As I write this column it has been about two weeks since comedian John Oliver placed the pharmaceutical industry squarely in his sights and unleashed a 17-minute comedy skit on his show Last Week Tonight. I have long been a fan of Oliver, and as with most of his work, there were some funny moments. But the skit highlighted both an unfair perception of pharma and the contrasting need for continued change within the industry.
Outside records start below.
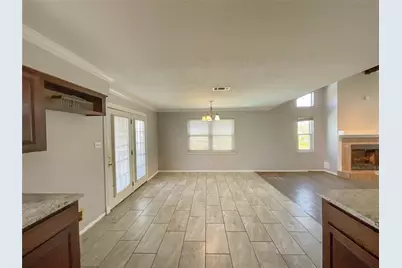 502 Oakdale Street, Shoreacres, TX 77571 - Photo 16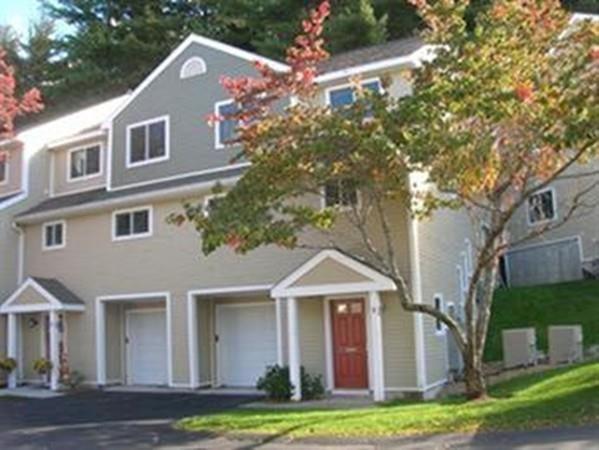 One Katahdin Drive - Photo 1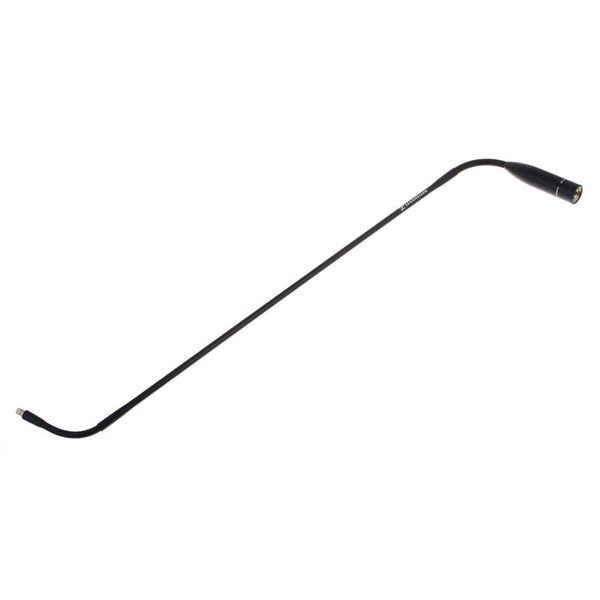 Sennheiser MZH 3062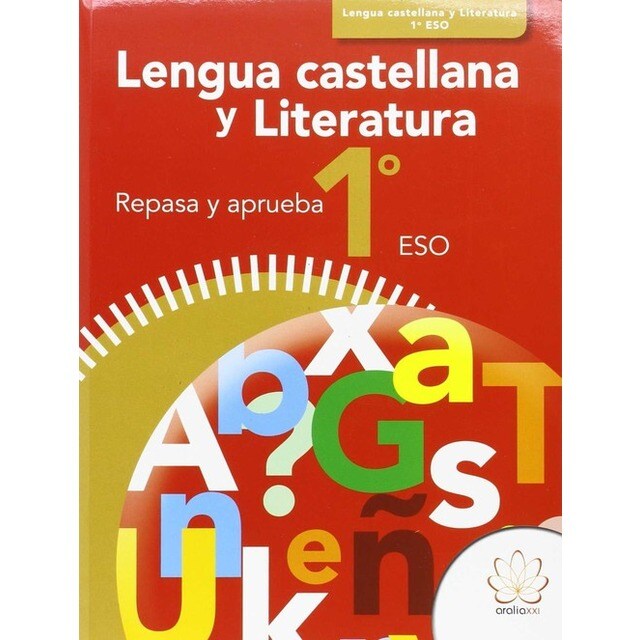 (15).LENGUA CASTELLANA 1ºESO.(REPASA Y APRUEBA).pdf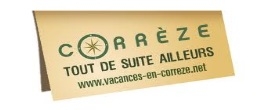 Vacances-en-correze Vacances-en-correze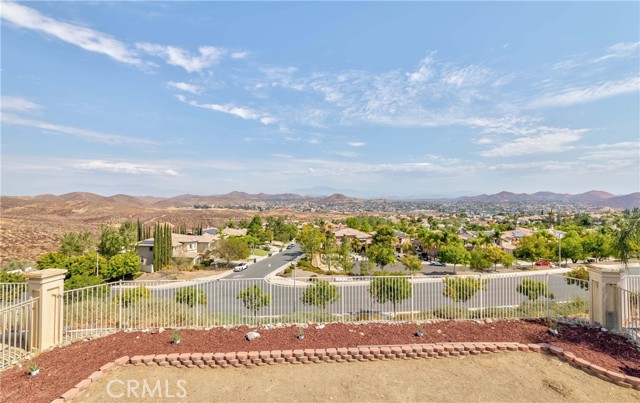 Detail Gallery Image 52 of 59 For 7 Ponte Chiara, Lake Elsinore,  CA 92532 - 4 Beds | 3/1 Baths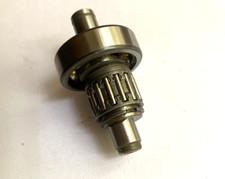 Fein RSS 636-5 forbici per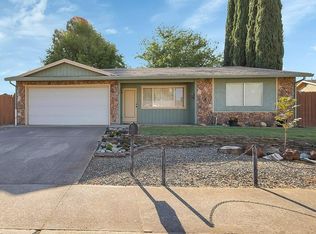 122 Carney Cir, Wheatland, CA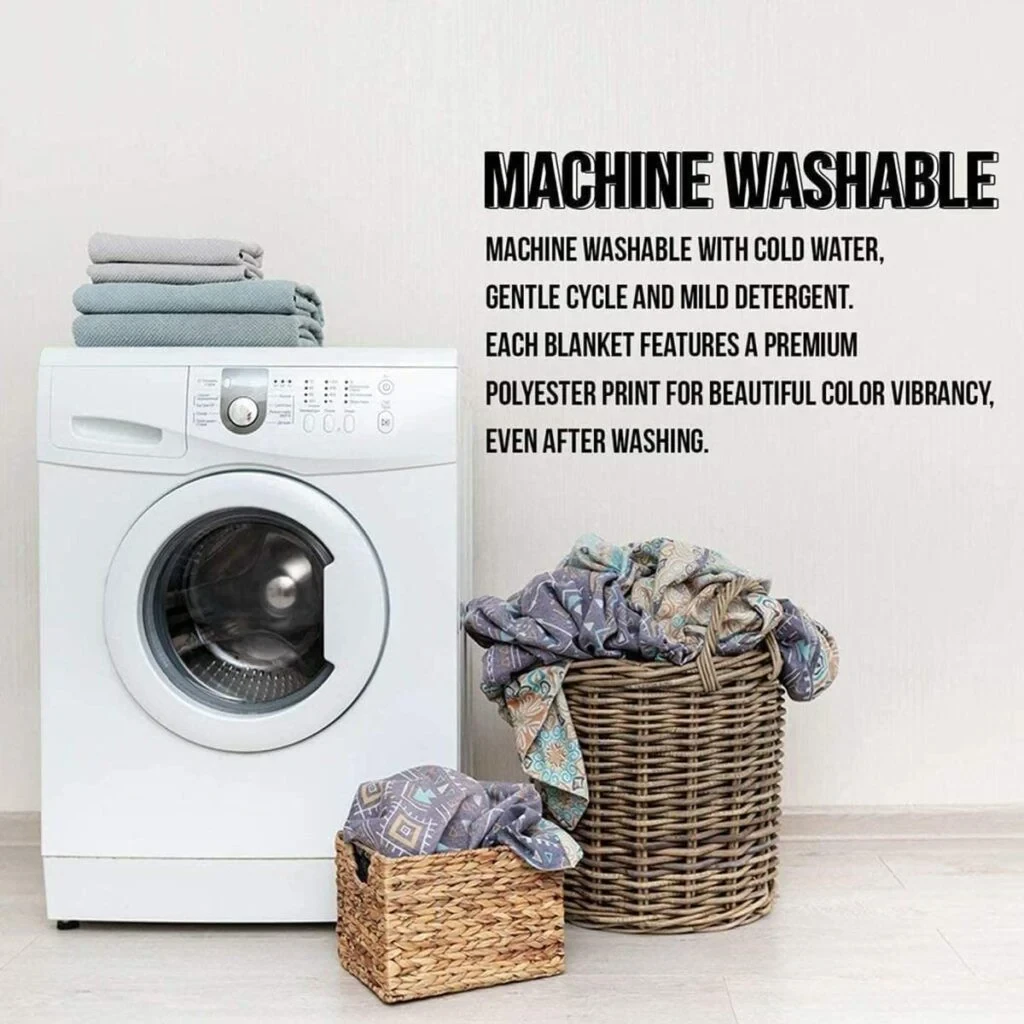 Sportswearmerch Florida Gators NCAA Quilt Blanket For Fan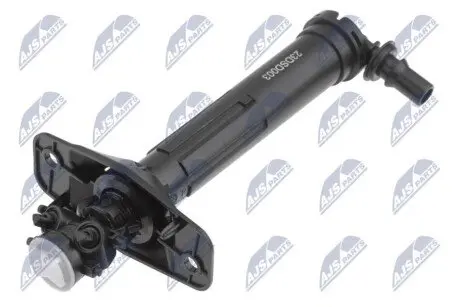 HEADLAMP WASHER NTY EDS-AU-103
As John LaMattina pointed out in a piece he contributed to Forbes shortly after Oliver’s skit aired, a clip from a long-ago sales meeting in which managers made inappropriate remarks to motivate their sales force failed to note changes that have been voluntarily put in place by that same company (GlaxoSmithKline) as it struggled to address the very types of behavior Oliver used as his comedy prop. Had the skit aired before those corrective actions it would have been a great example. Instead it was a cheap shot that fails to recognize solid attempts at reform.
I also found comments that referenced presentations made by doctors to other doctors, but with the pharma company creating the slides and script used for the talk, misleading. Pharma doesn’t insist on adherence to pre-made slides because that helps them sell more pills than having the presenter just create their own presentations. Rather, that practice is designed to prevent off-label and potentially misleading anecdotes and personal experiences from misleading the audience. Again, Oliver makes things sound far worse than they are, and that unfairly misleads the public—even on a comedy show.
I must say, though, that Oliver made one comment that rang true with me when he said, “Drugs aren’t like most other products…” We need to come to terms with that and realize that our industry is held to a higher standard by the public than those who make toilet bowl cleaners or pizza. As an example, I have come to personally question the wisdom of DTC ads for pharmaceutical products and think they do more harm than good for the industry because they are both objects of ongoing ridicule and, frankly, often poor examples of advertising. If differentiation is the goal then most are failing miserably, and if it’s disease awareness, then there are likely far better ways to spend that money.
I would rather see those funds used to develop programs that collaborate with healthcare providers and health systems to promote that desired disease awareness, and to improve screening, diagnosis and guidelines-based care. And I remain solidly convinced (and encouraged) that pharma companies can play a role in those efforts that allows them to be active sponsors and even collaborators with those other stakeholders—even as they are good stewards of their shareholder funds.
I love laughing at John Oliver, but think his recent skit was less than fair. Still, there was enough truth in it that I remain eager to see our industry continue to evolve. We’re doing better. But we can do better still.